### WORK INSTRUCTIONS
Nothing but the records themselves, exactly as written and free of pictures, should appear in your response.

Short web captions
*-*-*

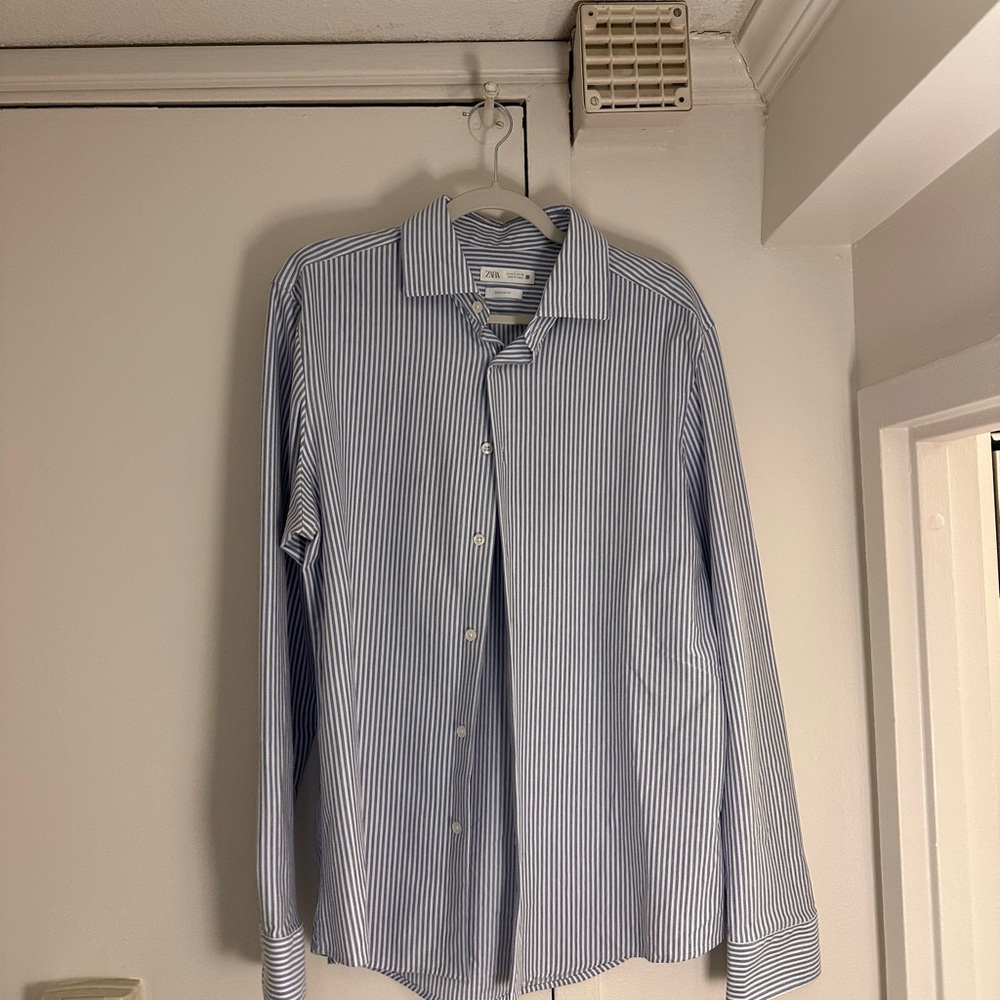 Zara Men's Blue Striped Shirt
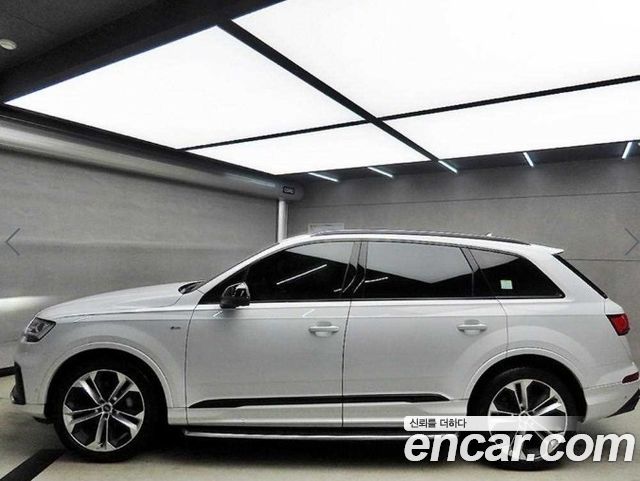 Audi Q7 55 TFSI Quattro Premium — пробег 26 585 км — фото 4 из 5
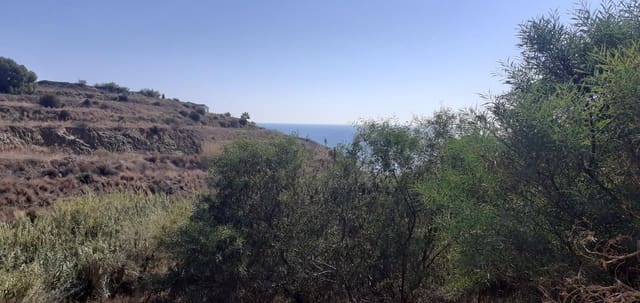 Rakentamaton maa myytävänä paikassa El Peñoncillo, Torrox - 85 000 € (Ref: 6389624)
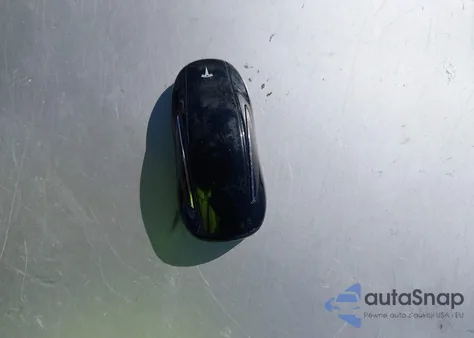 2016 Tesla Model X 60D/70D/75D/90D/P100D z USA, uszkodzony, nr VIN 5YJXCBE29GF021226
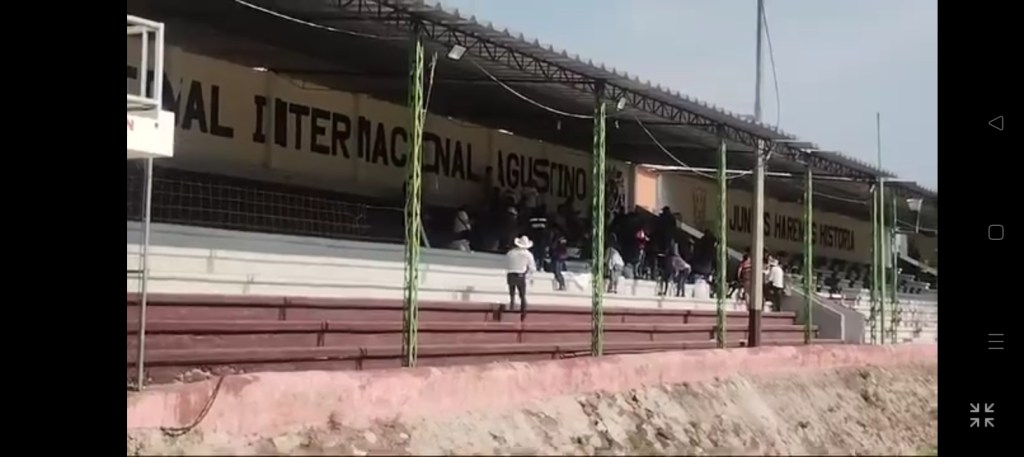 King Cerezo saluda brigadas de&nbsp;Morena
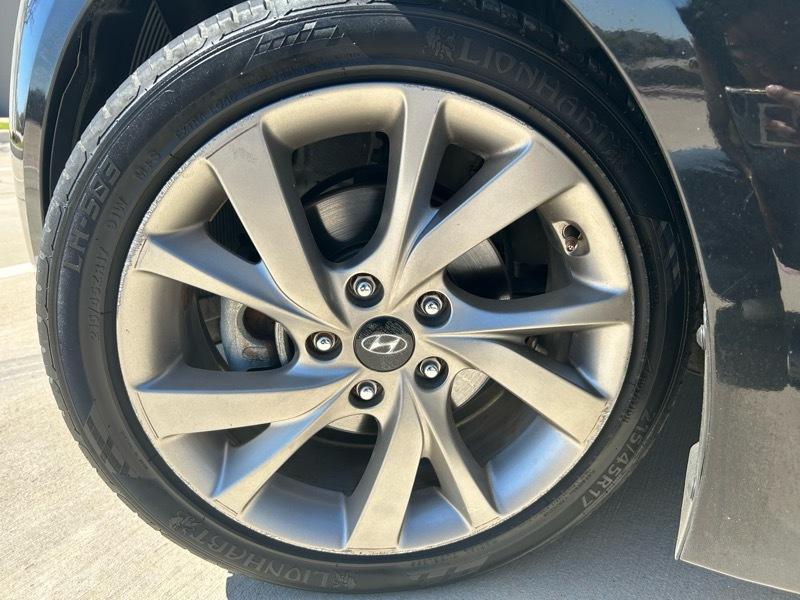 Hyundai Veloster Base 6AT 2017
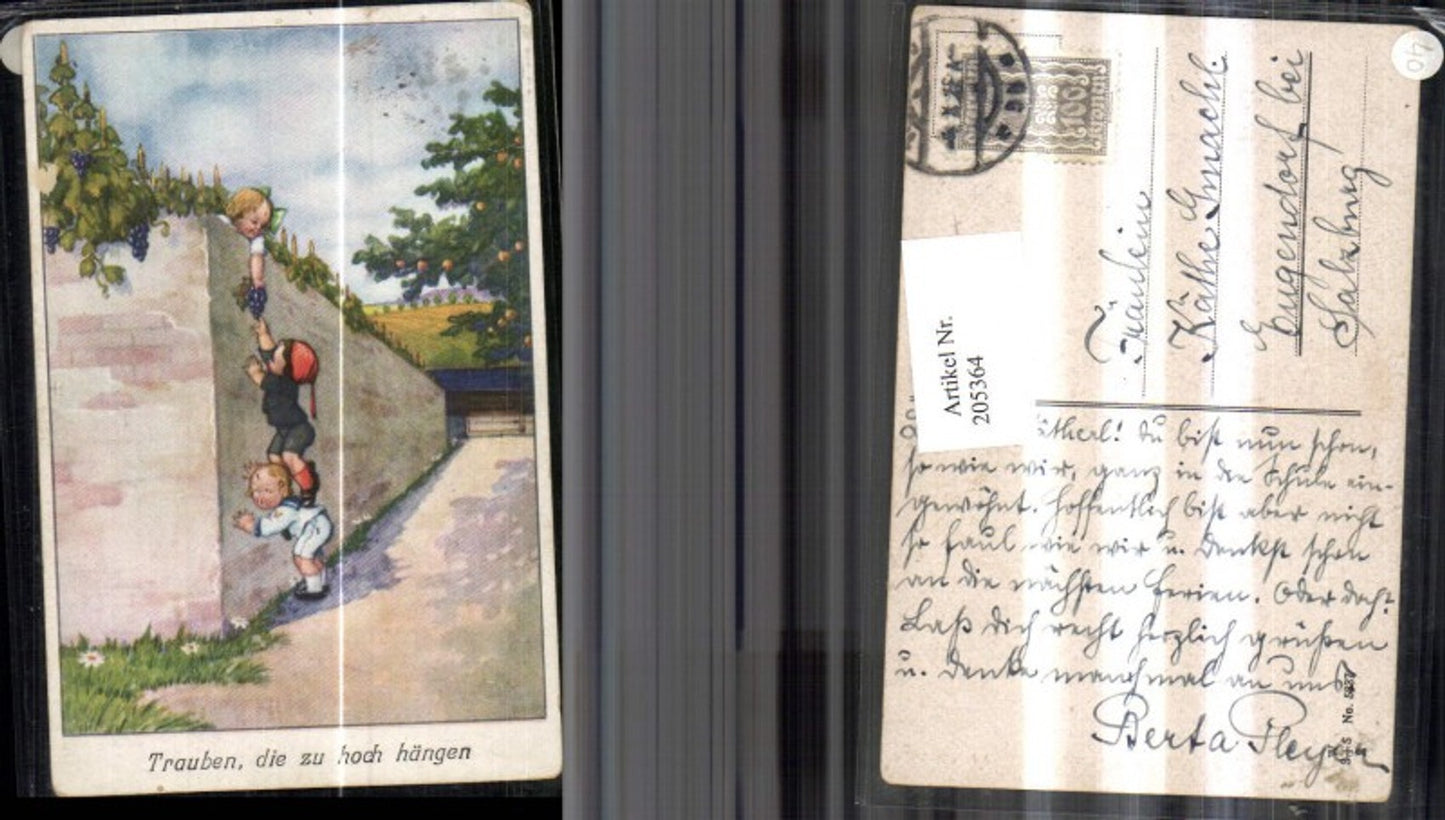 205364,Trauben die zu hoch hängen Kinder machen eine Räuberleiter Mauer Mädchen b. Trauben pflücken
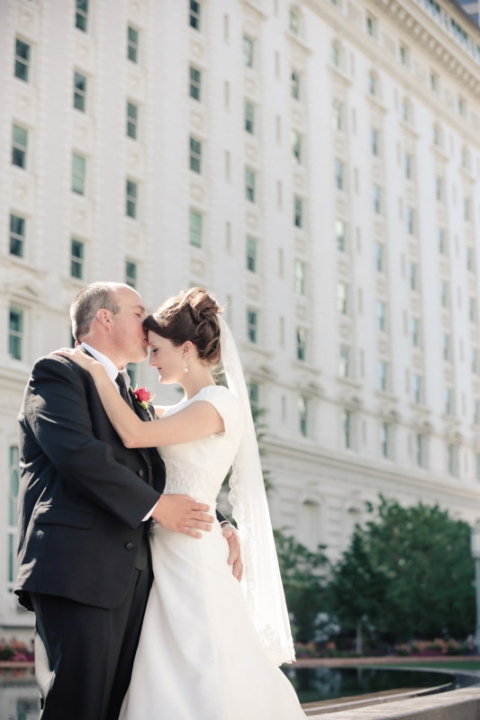 EK-Studios-Wedding-Photographer-SLC-wedding025-Blog(pp_w480_h720)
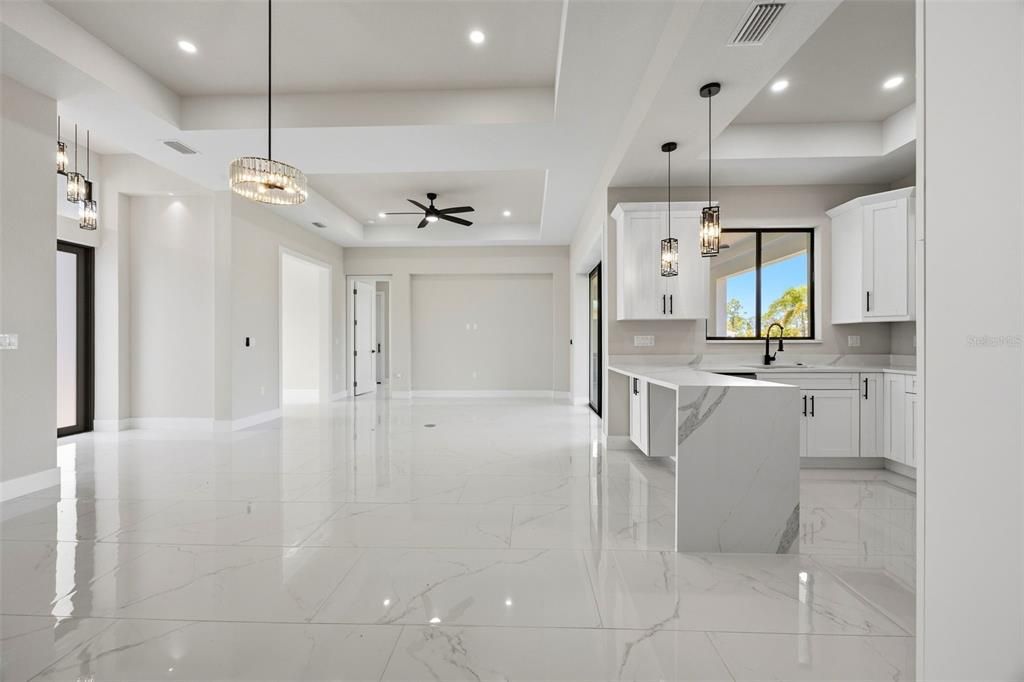 En Venta: $415,000 (3 camas, 2 baños, 1531 Pies cuadrados)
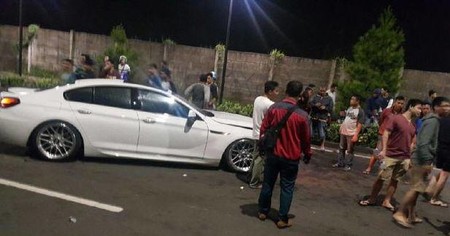 Ferrari California T And Bmw 640i Gran Coupe Crash Indonesia 2017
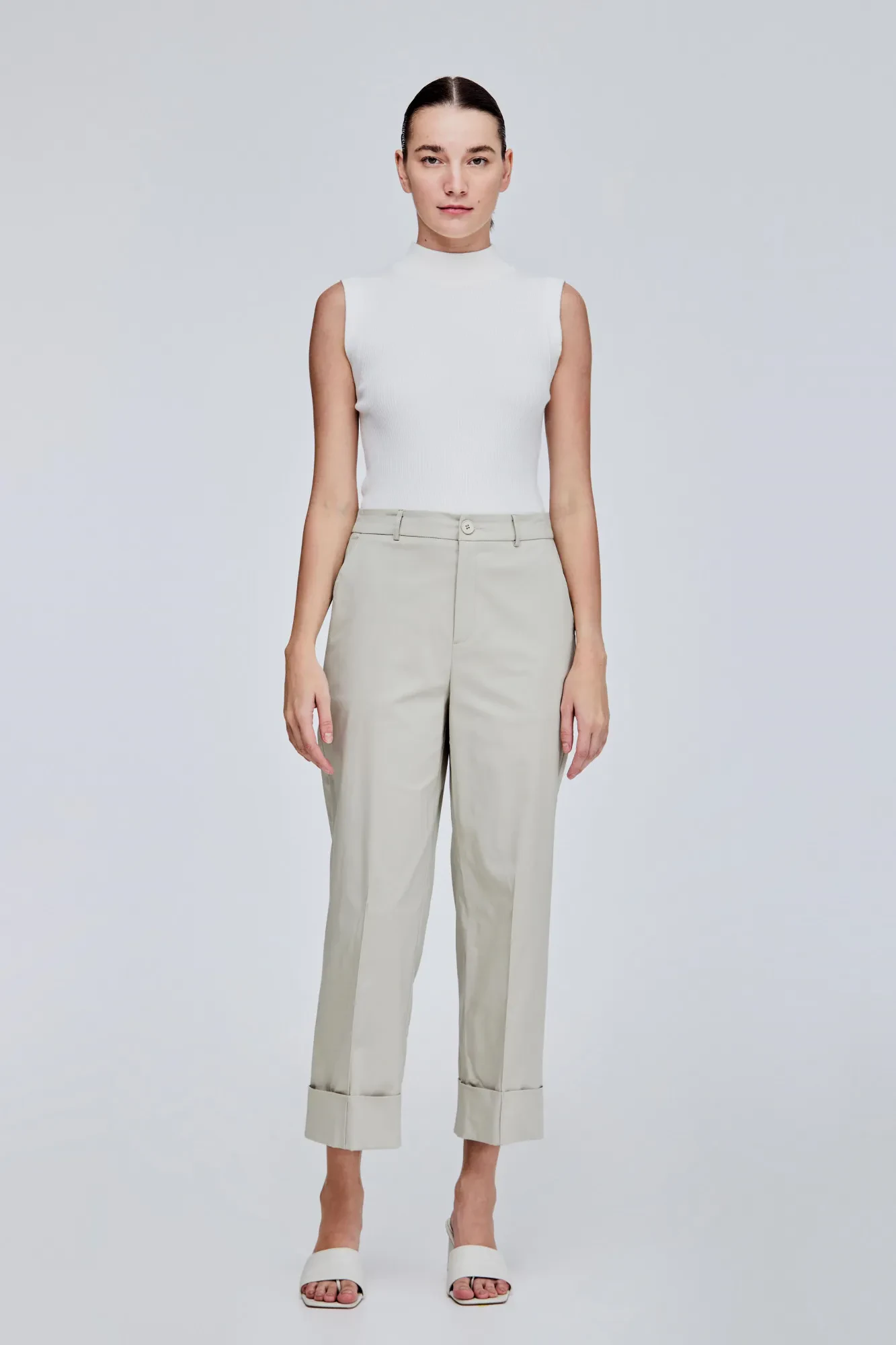 DARTS DETAILED PANTS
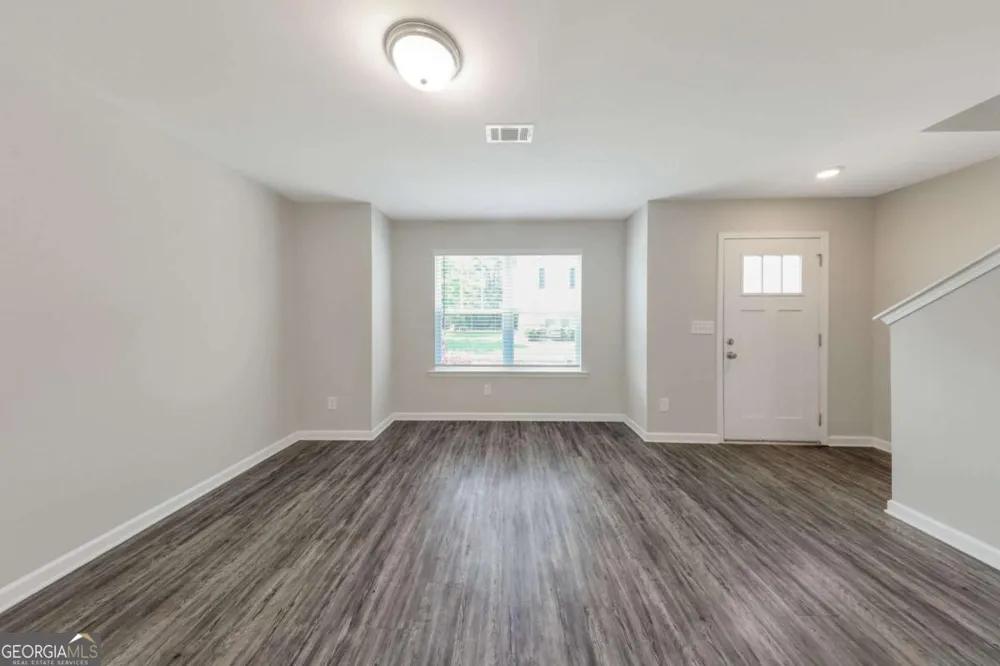 4431 Pinscher ST Union City, GA 30291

*-*-*

### YOUR SOLUTION
 Zara Men's Blue Striped Shirt
 Audi Q7 55 TFSI Quattro Premium — пробег 26 585 км — фото 4 из 5
 Rakentamaton maa myytävänä paikassa El Peñoncillo, Torrox - 85 000 € (Ref: 6389624)
 2016 Tesla Model X 60D/70D/75D/90D/P100D z USA, uszkodzony, nr VIN 5YJXCBE29GF021226
 King Cerezo saluda brigadas de&nbsp;Morena
 Hyundai Veloster Base 6AT 2017
 205364,Trauben die zu hoch hängen Kinder machen eine Räuberleiter Mauer Mädchen b. Trauben pflücken
 EK-Studios-Wedding-Photographer-SLC-wedding025-Blog(pp_w480_h720)
 En Venta: $415,000 (3 camas, 2 baños, 1531 Pies cuadrados)
 Ferrari California T And Bmw 640i Gran Coupe Crash Indonesia 2017
 DARTS DETAILED PANTS
 4431 Pinscher ST Union City, GA 30291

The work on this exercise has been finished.